11. In the tenth and eleventh sections there are recorded two remarkable dreams, or divine communications.  The imagery in them is consecutive and complete, and they so deeply impressed him that he ever afterward regarded them as a direct call from God that he should preach the Gospel in Ireland.  He passed through a struggle, such substantially as most divinely-called ministers pass through in regard to their call to preach.  He “prayed mightily with groaning,” and at first hardly knew “what was praying in him.”  He found it was the spirit.  Whether Patrick had ever been episcopally [or otherwise] ordained, or had ever been sent by any church or council, of which there is no reliable account whatever, this direct and divine call he received and relied upon as his commission to evangelize Ireland.  When once speaking of his episcopate he said, “From God I have received what I am” [à Deo accepi, id quod sum].—Epis. ad Coroticus, in Patrologia, vol. LIII, p. 810.  In his Confession, section fifteen, Patrick says, “Sed gubernante Deo, nullo modo consensi neque acquievi illis, ut ego venirem ad Hiberniam.”  “God directing me, I agreed or consented with no one in coming to Ireland.”  This does not look like a papal commission, but one directly from God as it indubitably was; and this is the only view that quadrates with all of Patrick.

12. This must have been done in Brittany some thirty years before.

13. Another translation here reads, “However ignorant I am, he has heard me, so that in these late days I can dare to undertake such a holy and wonderful work.” Which is a more simple thought, and more easily explained, but the Latin is “inscius,” capable of meaning ignorant, unaware, unconscious, etc.
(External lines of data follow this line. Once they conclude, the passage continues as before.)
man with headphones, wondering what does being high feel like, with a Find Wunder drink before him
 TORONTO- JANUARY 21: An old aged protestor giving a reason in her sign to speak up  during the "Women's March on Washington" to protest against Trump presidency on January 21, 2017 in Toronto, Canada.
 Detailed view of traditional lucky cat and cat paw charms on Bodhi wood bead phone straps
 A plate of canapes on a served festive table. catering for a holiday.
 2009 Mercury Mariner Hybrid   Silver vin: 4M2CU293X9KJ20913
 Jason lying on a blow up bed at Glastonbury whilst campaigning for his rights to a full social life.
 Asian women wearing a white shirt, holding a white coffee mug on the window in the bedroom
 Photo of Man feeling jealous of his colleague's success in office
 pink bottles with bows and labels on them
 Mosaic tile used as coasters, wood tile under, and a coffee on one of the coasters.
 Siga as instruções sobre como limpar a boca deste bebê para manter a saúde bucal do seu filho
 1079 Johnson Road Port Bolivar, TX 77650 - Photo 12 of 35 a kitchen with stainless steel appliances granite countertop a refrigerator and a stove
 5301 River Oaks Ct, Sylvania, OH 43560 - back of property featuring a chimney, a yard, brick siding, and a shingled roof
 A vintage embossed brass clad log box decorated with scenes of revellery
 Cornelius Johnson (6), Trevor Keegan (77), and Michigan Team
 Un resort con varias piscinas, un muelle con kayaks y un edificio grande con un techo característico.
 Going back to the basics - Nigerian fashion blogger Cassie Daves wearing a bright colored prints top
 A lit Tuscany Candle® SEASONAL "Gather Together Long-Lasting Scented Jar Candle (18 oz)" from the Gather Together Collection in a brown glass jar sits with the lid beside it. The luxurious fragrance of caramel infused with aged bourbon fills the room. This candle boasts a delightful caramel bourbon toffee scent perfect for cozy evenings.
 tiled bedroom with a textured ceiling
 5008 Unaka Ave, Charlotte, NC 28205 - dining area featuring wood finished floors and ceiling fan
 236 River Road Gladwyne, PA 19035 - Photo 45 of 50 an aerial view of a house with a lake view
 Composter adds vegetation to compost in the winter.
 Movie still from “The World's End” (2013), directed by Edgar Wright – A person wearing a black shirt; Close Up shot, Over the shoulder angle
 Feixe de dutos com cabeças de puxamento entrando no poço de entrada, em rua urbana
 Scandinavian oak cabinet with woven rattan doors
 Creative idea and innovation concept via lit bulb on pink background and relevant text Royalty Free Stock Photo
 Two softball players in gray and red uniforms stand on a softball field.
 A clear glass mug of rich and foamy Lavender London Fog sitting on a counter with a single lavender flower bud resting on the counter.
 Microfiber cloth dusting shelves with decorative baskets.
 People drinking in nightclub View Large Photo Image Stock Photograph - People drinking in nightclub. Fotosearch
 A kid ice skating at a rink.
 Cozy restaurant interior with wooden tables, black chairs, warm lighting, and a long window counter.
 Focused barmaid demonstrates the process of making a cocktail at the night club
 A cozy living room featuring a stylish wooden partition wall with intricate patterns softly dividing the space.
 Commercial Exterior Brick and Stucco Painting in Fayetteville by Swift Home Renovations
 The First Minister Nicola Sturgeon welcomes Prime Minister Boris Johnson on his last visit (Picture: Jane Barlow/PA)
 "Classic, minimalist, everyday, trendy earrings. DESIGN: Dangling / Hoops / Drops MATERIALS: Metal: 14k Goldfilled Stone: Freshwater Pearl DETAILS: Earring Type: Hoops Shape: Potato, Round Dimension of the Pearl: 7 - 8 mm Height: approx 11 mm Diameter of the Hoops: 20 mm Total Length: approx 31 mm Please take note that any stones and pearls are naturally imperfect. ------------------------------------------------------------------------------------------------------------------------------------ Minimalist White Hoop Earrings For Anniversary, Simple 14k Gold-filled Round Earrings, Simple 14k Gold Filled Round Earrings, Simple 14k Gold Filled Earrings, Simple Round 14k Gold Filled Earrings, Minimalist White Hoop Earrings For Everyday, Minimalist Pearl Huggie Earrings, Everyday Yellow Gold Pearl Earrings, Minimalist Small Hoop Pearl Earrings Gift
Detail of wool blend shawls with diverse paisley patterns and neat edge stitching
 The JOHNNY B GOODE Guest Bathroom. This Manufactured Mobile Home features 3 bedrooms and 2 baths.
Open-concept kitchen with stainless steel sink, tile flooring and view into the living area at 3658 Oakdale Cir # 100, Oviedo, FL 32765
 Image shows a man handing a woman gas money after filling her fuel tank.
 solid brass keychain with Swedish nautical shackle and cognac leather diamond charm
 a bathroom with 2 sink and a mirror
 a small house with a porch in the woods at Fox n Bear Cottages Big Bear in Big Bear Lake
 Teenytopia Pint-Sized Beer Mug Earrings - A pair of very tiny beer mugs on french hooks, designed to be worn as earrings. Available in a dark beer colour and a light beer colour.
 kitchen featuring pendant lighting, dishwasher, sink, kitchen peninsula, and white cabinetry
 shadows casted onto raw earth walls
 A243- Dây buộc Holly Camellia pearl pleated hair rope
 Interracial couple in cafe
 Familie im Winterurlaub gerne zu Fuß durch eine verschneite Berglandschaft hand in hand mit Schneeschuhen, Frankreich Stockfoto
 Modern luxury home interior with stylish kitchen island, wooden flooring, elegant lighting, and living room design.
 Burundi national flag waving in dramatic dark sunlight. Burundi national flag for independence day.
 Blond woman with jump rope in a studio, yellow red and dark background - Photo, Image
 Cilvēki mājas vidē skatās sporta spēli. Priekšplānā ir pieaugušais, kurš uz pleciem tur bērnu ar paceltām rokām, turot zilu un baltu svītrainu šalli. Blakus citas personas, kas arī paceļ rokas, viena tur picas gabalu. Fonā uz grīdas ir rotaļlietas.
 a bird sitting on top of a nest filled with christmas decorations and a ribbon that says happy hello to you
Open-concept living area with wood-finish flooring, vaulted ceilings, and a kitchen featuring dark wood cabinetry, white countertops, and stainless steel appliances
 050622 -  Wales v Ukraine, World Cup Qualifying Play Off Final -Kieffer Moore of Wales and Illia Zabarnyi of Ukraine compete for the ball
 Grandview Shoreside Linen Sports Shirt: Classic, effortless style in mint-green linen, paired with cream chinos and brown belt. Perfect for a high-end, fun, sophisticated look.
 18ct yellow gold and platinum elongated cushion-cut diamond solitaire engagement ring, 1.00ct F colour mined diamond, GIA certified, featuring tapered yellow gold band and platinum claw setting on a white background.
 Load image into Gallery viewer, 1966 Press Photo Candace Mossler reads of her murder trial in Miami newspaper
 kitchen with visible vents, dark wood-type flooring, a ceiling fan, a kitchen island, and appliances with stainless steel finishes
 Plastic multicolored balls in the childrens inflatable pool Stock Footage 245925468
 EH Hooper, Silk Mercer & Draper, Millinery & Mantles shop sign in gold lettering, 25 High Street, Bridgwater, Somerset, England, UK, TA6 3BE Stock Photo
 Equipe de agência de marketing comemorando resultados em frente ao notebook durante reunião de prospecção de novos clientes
A third translation renders the text with more of the complexity of the original Latin, and again contemplating ignorance as the confessed defect of Patrick, which makes the Lord’s working by him the more admirable.—JTKer.

14. This does not look like receiving a commission from Rome.

15. These, properly, were neither monks nor nuns, in our present meaning of the words.  Monachism did not appear in Europe till some time in the fourth century, and could not have reached Ireland at this time.  There were Ascetics in almost every country, one class of whom abstained from all pleasant food, and the other from marriage; but still they lived in society as other Christians.  Asceticism sprang from the Essenes or the Gnostics in the first century.  Many of the best Christian fathers partially imbibed some of their notions, and it has always, more or less, troubled the Christian churches; but it was not then peculiar to the Roman, or to any particular church.  Those referred to here were comparatively very few, and not cloistered monks, for there were none such in Ireland for some centuries afterward.

16. Probably this was the unnamed accuser, who appears to have come from Gaul.

17. This reminds us of the prophet Samuel (1 Sam. 12.3).  This appeal of Patrick, after a residence of at least thirty years among the Irish, is an evidence of his purity and noble disinterestedness.  During his mission he had not lived for himself, but for his people, and, as he said in another place, “he wished to die with them,” which he afterward did, in the 78th year of his age, and the 34th of his ministry.  What a pity that this great and successful missionary of the fifth century is so little known among Protestants.

18. The translation of De Vinne, provided above, connects the ideas of these several phrases differently than what is suggested by other translators. Another alternative, leaves out the idea of a “trial,” relating to former payments, reading simply: “I spend myself for you, so that you may have me for yours.  I have travelled everywhere among you for your own sake, in many dangers, and even to the furthest parts where nobody lived beyond, and where nobody ever went,” etc.  The Latin “periculis” is thus rendered “dangers” and unrelated to a “charge” or payment.  De Vinne seems to have forced the plural term into the singular form, in order to fit his translation. But it is beyond the present editor to ascertain the full accuracy of his translation—JTKer.